The economy more broadly seems to be fairly steady, with the Atlanta Fed projecting fourth-quarter GDP growth to come in at 1.9%. That’s not gangbusters, but it is better than the flat growth the indicator had shown earlier in the quarter.

As a compromise, the Fed could change the language in its statement about the way it is monitoring international developments. Powell also could give a nod to the manufacturing slowdown; the headline durable goods orders for December were better than expected, but masked weak underlying fundamentals.

The repo market question

In addition to broader economic issues, the Fed has been wrestling with the level of bank reserves that the financial system requires.

To ensure that banks have “ample” reserves, the Fed has been conducting daily and longer-term market operations to allow institutions to exchange high-quality assets for the short-term cash they need to operate, in a process known as repo operations. That has allowed the Fed’s balance sheet to expand back above $4 trillion.

While the operation ostensibly was aimed at keeping overnight borrowing rates within their proscribed range, it also has coincided with a stock market rally that has almost perfectly matched the balance sheet increase. Some in the markets have been calling the expansion another form of the quantitative easing the Fed used to goose the economy during and after the financial crisis.

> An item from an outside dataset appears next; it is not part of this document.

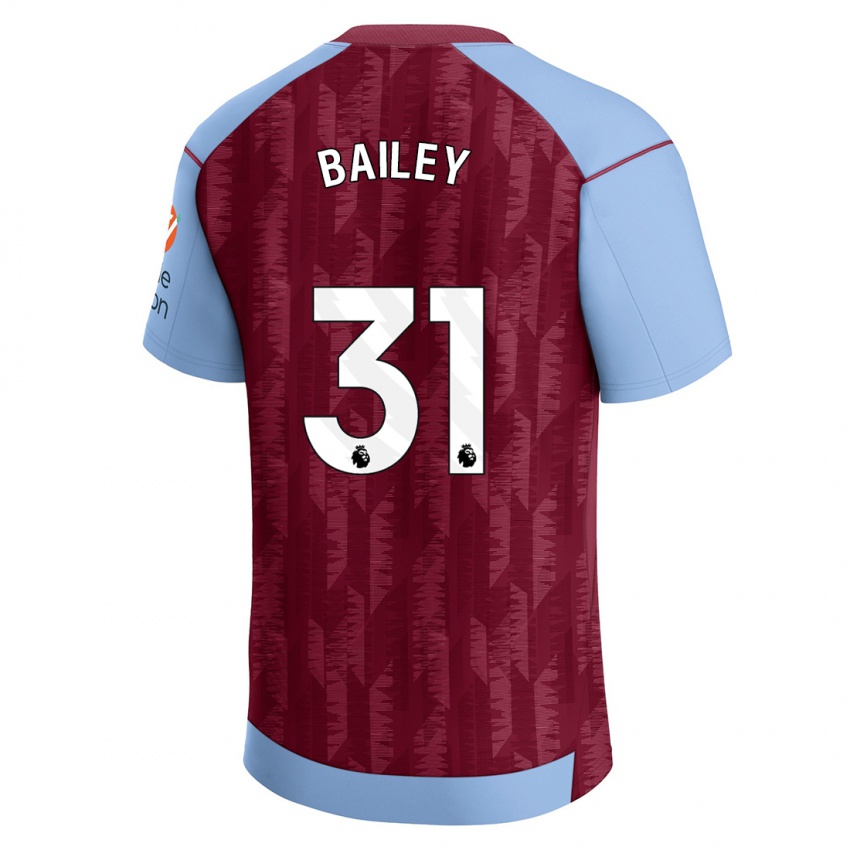 Bambino Maglia Leon Bailey #31 Blu Bordeaux Kit Gara Home 2023/24 Maglietta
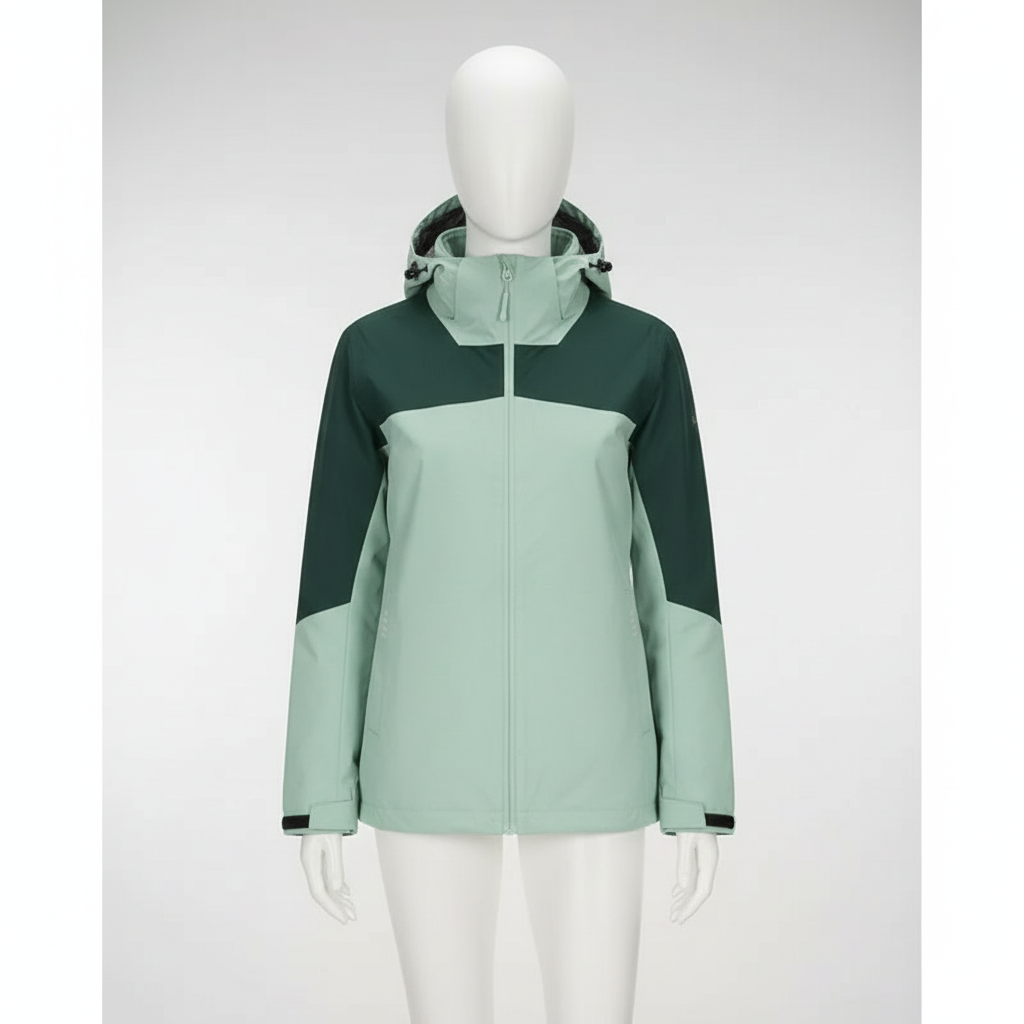 Veste de randonnée femme | 3en1 imperméable polaire amovible capuche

With the Fed only committed to keeping the operations going through the second quarter, cleanly unwinding them could be another nettlesome issue.

“They’re going to be very careful. They attempted to do this in a stealth way, in my humble opinion, for political expediency,” Shallet said. “I think that to start acknowledging that … we’re going to have to suspend the balance sheet expansion by the middle of the year, markets are not going to take that well.”

Powell at times has been less than adroit in how he has prepared the market for a change in approach.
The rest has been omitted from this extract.